Pour agiter le peuple avant de s’en servir, il faut certes lui mentir, mais pas n’importe comment. Il faut ruser avec la vérité, en dévoiler une facette et occulter les autres. En fait, il y a même plus de deux millions d’immigrants en Suisse. En revanche, si le pays ne comptait plus que 20% de sa population actuelle, son empreinte carbone, la seul chose importante, serait nulle puisque l’énergie des barrages suffirait. Mais avec ce genre de « si », on pourrait mettre Paris dans une bouteille. Le problème n’est de faire fonctionner la Suisse comme si sa population n’était pas ce qu’elle est et comme si elle pouvait instantanément se passer des immigrants. Car rien moins qu’un quart des médecins ont été formés à l’étranger et 38% du personnel infirmier n’est pas Suisse. Que dire des chercheurs, des enseignants, des ingénieurs, des ouvriers du bâtiment ? Ces habitants louent forcément un quart des logements, achètent le quart des produits de consommation. Nyaka les jeter tous à la porte ? Sans conséquences ?

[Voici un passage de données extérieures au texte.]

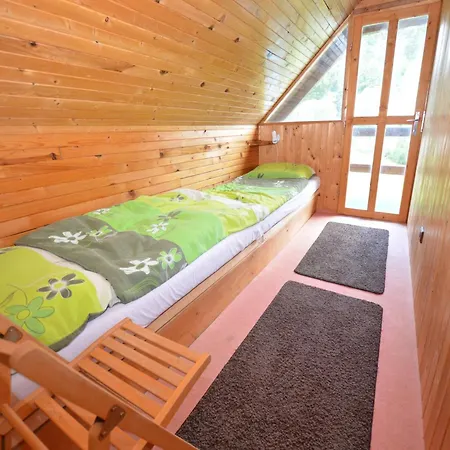 度假居 Pet-friendly Bechyně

Le véritable problème est de faire fonctionner le pays tel qu’il est, dans la planète telle qu’elle est. Or le réchauffement climatique est une réalité, attestée par des mesures. Ce n’est donc pas une opinion de la gauche comme l’insinue « Edition spéciale », mais un outil pour celle-ci, fondé sur l’évidence. Selon la contribution révélatrice de Roger Köppel dans ce pamphlet, la gauche sème la panique climatique « pour installer un régime de contrainte et détruire les valeurs libérales fondamentales. » Et ce n’est pas tout à fait faux.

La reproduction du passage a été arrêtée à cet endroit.